Como construir um rastreador de imagens - um guia completo

Publicados: 2023-01-10
Índice mostra
Uso de imagens raspadas
Modelos de ML de treinamento
Imagens de comércio eletrônico
Criação de conteúdo de texto/vídeo
memes
Encontrar imagens de indivíduos específicos, eventos e muito mais
Desafios com a captura de imagens da Web
Configurando as Coisas
Medidas anti-raspagem e obstáculos legais
Layouts de sites diversos e em constante mudança
Imagens ruins ou inutilizáveis
Sites com imagens são mais lentos para carregar às vezes
Soluções de bricolage
Benefícios de usar uma solução DaaS

Extrair imagens da web é muito mais difícil do que coletar conteúdo textual. A razão por trás disso é o fato de que você precisará filtrar o conteúdo das páginas da web e extrair especificamente apenas as imagens. Além disso, ter imagens sem nenhum contexto provavelmente não ajudará muito.
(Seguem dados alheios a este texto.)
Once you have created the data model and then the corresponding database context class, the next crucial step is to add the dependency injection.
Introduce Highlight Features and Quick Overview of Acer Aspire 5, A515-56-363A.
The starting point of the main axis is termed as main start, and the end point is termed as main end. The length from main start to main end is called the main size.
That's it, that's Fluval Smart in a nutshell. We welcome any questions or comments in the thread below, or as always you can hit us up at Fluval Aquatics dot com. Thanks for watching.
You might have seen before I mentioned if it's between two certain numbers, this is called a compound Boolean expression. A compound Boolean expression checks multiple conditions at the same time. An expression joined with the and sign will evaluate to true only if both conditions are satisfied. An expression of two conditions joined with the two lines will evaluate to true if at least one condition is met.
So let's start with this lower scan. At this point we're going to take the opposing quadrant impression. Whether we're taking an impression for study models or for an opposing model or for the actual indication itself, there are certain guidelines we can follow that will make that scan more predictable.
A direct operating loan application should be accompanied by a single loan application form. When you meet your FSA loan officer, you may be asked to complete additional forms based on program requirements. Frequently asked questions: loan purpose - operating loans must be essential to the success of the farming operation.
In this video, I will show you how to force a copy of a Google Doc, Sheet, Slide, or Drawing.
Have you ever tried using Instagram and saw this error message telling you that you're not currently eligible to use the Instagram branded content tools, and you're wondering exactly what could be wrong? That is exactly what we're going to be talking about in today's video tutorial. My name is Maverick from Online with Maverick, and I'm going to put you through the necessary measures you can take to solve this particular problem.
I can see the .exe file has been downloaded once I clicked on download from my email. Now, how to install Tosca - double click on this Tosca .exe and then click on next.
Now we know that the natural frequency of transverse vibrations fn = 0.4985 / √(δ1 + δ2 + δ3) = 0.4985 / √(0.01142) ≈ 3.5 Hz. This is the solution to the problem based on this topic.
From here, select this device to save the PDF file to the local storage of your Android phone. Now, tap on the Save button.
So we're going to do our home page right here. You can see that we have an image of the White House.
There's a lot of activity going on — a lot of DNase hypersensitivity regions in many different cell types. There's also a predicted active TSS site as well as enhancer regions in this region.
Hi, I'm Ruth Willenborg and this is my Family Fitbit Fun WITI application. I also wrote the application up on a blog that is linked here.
Para garantir que essas imagens sejam marcadas automaticamente, você também pode precisar extrair o conteúdo textual associado à imagem ou acima ou abaixo da imagem. Outro ponto é que os dados textuais podem ser agregados, reescritos ou divididos para reutilização. As imagens, por outro lado, podem ter reutilização limitada devido a problemas de direitos autorais. Estes são apenas alguns dos desafios que você pode enfrentar ao raspar imagens. Mas antes de entrarmos nisso, vejamos o valor de coletar imagens e como isso pode ser importante na sociedade atual baseada em dados que vive na web.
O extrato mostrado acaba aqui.